New regulations, introduced under a law passed last year, will require all retailers to ensure tobacco products are hidden from view.
Retailers will also be banned from referring to the sale of tobacco products in their trading names.
Associate Health Minister Tariana Turia, who is behind the ban, said last year that the law change would remove the "loophole'' of tobacco displays.
"Retail displays, innocently positioned alongside everyday confectionary and sweets, are a key component of making cigarettes attractive to recruit young smokers.
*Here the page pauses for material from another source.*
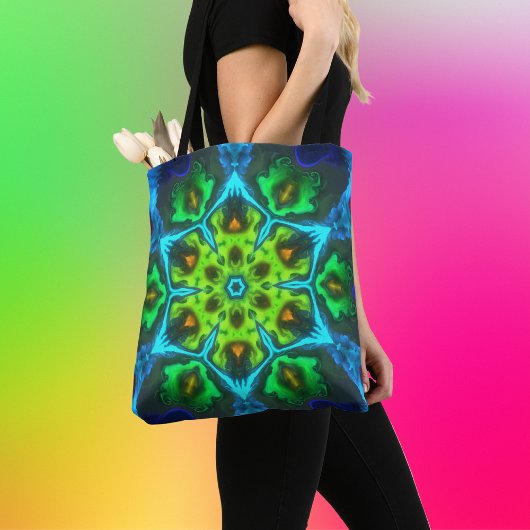 Psychedelisch Kaleidoskop Grün Blau und Orange Tasche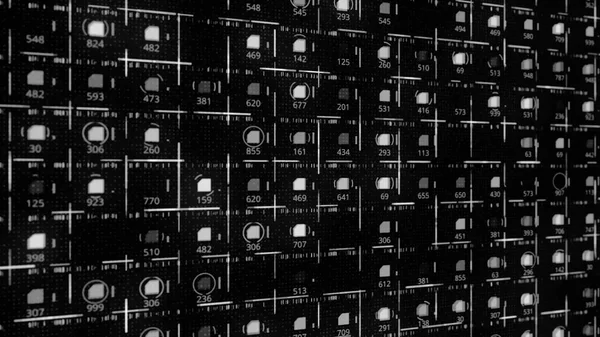 Κοντινό πλάνο του τσιπ CPU σε μαύρο κύκλωμα, τεχνολογικό υπόβαθρο. Κινούμενα σχέδια. Πίνακας κυκλωμάτων υπολογιστών και εξοπλισμός μικροηλεκτρονικής της συσκευής, μονόχρωμος. — Φωτογραφία Αρχείου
We're not going to tolerate this any longer.''
Most dairies will have a roller door which comes down to cover the displays.
The law that introduced the display ban also allows enforcement officers to instantly fine retailers $1000 for selling tobacco to people aged under 18.
It also increases the maximum penalty for selling tobacco to underage people from $2000 to $10,000.
A series of tax rises - with more on the way - has made New Zealand cigarettes among the most expensive in the OECD.
But last week tobacco giant Philip Morris started an aggressive fightback against tobacco regulations, saying they go too far.
The company, which has the third-largest share of the New Zealand tobacco market, is distributing cards to shops directing customers to a website through which smokers can have their say on the regulations.
Retailers are being asked to hand the cards to anyone buying Philip Morris products.
The myopinioncounts.co.nz website was "a place where adult smokers could voice their opinions about regulatory issues'', said Philip Morris spokesman Chris Bishop.
"We talked to our customers ... and we really got the sense that they wanted the ability to learn more about these issues and voice their concerns about them,'' he said.
Anti-smoking groups are aiming to make New Zealand smokefree by 2020.